Nothing but the lines below between the line holding "runco_fisher_0572" and the line holding "Dakine Syncline Hydration Pack - 8L, Black", inclusive, should appear in the answer, each set down exactly.

TASK MATERIAL:
....

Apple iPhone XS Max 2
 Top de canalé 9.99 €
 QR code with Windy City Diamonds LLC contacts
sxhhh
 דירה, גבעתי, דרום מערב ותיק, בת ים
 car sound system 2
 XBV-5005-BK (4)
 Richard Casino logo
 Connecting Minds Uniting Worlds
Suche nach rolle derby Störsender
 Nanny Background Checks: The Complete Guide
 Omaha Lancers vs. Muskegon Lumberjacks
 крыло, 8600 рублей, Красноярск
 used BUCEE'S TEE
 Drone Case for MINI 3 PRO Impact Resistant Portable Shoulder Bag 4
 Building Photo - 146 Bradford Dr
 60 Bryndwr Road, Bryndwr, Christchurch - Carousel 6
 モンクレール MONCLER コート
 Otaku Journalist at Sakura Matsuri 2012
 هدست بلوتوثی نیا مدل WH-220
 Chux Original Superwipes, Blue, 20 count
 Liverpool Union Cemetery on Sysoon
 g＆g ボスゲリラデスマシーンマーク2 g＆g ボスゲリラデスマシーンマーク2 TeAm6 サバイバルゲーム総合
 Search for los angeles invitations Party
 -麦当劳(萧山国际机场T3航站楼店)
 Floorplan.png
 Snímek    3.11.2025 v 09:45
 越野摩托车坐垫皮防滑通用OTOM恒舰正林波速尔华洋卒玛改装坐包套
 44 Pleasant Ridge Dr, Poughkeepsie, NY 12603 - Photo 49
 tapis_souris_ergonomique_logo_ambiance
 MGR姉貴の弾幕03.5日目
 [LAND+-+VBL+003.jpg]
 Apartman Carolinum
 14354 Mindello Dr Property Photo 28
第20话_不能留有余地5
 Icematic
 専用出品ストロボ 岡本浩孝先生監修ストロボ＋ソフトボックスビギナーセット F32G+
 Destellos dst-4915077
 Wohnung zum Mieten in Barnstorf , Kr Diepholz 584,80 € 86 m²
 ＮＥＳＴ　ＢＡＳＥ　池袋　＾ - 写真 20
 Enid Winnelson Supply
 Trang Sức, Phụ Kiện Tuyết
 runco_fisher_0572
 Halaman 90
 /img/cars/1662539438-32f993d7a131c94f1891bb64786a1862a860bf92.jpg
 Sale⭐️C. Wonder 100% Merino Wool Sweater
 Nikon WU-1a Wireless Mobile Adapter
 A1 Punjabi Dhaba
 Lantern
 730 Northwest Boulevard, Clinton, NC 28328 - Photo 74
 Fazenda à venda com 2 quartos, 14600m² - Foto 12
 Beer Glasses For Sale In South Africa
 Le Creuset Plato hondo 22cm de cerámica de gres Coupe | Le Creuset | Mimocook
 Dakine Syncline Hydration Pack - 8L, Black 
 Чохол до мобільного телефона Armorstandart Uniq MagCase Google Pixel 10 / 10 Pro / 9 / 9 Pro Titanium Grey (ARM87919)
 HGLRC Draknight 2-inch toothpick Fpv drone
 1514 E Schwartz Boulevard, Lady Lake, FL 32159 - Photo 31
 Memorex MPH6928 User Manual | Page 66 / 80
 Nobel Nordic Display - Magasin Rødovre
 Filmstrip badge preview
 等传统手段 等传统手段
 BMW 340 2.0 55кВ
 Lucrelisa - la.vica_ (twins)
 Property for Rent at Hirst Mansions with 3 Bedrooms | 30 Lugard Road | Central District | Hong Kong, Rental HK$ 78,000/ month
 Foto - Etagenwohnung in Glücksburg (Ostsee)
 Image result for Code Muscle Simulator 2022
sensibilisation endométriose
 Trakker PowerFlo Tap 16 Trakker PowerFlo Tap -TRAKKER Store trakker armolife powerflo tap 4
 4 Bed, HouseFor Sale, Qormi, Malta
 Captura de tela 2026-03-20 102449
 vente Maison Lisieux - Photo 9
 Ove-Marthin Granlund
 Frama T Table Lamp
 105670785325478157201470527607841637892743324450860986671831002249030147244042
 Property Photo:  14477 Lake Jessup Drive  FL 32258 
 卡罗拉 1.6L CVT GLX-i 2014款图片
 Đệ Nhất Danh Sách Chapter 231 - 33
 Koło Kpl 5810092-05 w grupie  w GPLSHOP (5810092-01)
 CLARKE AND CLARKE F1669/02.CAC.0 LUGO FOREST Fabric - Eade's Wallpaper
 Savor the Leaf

....

EXERCISE RESPONSE:
 runco_fisher_0572
 Halaman 90
 /img/cars/1662539438-32f993d7a131c94f1891bb64786a1862a860bf92.jpg
 Sale⭐️C. Wonder 100% Merino Wool Sweater
 Nikon WU-1a Wireless Mobile Adapter
 A1 Punjabi Dhaba
 Lantern
 730 Northwest Boulevard, Clinton, NC 28328 - Photo 74
 Fazenda à venda com 2 quartos, 14600m² - Foto 12
 Beer Glasses For Sale In South Africa
 Le Creuset Plato hondo 22cm de cerámica de gres Coupe | Le Creuset | Mimocook
 Dakine Syncline Hydration Pack - 8L, Black 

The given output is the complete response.